Had Wentz not forced a ball into double coverage trying to be the game-winning hero and instead looked for his check down, he would’ve seen a wide open (and I mean wide open) Smallwood just past the first down marker. Dump the ball off and Small goes out-of-bounds with, at worst, about 30 seconds left inside the red zone and no need to use a timeout. At best Smallwood could’ve tacked on additional yardage and possibly stretched out for the game-winning touchdown.

Instead, it all came down to fourth-and-two, with all of the marbles on the table. The offense, whether it be Doug Pederson or offensive coordinator Mike Groh who made the ultimate call, opted to go with a five-wide look that included no additional pass protection for Wentz and only one tight end.

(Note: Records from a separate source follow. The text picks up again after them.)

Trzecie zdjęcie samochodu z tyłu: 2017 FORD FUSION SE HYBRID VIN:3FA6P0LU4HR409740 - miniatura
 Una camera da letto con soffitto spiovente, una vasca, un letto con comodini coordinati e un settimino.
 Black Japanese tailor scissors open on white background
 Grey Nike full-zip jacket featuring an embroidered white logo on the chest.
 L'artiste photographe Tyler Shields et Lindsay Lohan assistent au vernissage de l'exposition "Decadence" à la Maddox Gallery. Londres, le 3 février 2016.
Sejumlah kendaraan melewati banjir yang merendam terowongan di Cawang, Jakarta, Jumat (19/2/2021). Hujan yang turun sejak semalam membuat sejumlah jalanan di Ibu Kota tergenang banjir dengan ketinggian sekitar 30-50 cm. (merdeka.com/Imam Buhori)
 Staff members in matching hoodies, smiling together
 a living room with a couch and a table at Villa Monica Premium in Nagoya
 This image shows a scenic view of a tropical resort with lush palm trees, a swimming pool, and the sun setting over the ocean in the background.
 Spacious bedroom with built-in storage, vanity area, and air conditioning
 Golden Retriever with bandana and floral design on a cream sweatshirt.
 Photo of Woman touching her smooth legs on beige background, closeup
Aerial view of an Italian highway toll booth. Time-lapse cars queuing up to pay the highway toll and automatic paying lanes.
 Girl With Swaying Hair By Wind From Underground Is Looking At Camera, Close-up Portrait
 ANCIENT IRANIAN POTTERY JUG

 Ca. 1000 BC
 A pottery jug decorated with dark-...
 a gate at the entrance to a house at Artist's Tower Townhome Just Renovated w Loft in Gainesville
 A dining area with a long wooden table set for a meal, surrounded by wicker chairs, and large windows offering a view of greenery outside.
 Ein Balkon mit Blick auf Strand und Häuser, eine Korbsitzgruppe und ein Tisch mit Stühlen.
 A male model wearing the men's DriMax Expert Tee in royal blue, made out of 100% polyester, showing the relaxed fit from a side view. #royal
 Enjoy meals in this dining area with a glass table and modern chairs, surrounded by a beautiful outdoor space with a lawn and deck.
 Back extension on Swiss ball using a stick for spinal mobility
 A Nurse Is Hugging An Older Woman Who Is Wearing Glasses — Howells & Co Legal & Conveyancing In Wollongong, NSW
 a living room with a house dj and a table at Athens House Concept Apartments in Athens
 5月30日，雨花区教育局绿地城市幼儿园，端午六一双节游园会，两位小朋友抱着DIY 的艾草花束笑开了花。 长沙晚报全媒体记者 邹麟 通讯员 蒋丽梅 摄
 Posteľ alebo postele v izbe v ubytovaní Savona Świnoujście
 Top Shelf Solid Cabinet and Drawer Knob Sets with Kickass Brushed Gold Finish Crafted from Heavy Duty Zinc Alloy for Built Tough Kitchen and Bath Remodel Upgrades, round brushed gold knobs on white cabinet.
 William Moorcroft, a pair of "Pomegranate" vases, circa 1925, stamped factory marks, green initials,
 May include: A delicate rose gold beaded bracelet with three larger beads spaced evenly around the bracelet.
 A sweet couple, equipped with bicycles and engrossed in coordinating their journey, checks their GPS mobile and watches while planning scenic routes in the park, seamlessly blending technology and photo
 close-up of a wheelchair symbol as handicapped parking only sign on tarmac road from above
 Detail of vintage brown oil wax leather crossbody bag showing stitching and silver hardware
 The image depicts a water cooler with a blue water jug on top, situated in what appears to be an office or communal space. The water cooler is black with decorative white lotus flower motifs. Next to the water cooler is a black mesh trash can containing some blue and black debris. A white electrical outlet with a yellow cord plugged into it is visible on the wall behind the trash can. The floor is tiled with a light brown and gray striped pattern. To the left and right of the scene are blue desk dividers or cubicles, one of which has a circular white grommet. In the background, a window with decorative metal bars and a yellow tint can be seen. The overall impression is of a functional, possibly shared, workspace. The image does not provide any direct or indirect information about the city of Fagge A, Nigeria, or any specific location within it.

If you haven’t caught on, I have an immense belief in Dallas Goedert as a weapon to pick up the scraps while teams focus on Ertz and Jeffery. Not only that, he is an outstanding blocker and could have provided Wentz with enough time to find the wide open Jeffrey in the middle of the field for the first down to keep the drive alive.

Instead, the window closed before it was ever open, Wentz fumbled and the Carolina Panthers were on the way to the largest fourth-quarter comeback in franchise history.

I harp on Wentz for just a short moment but it ultimately comes down to poor play calling and the inability to step on an opponents throat and put them away when you have a double-digit lead. The offense was electric through three-quarters and much of that was thanks to the aerial attack, but at some point, you need to run the ball.

With an 11 point lead, the Eagles offense ran the ball one time. On their last drive of desperation with the clock ticking to under one minute. For crying out loud, run the ball and eat up some of the clock throughout the thirteen other minutes of that final quarter. Give Smallwood a chance to pick up some yardage on first and second downs so you’re left with a manageable third down at worst and possibly a first down instead of third-and-long.

You need to eat up as much clock as possible when your opponent is going nearly 70 yards in under a minute for their game-winning score. We should be eternally grateful that the Panthers gave the Birds enough time for a final drive, even if it ended with our hearts sinking through the floor.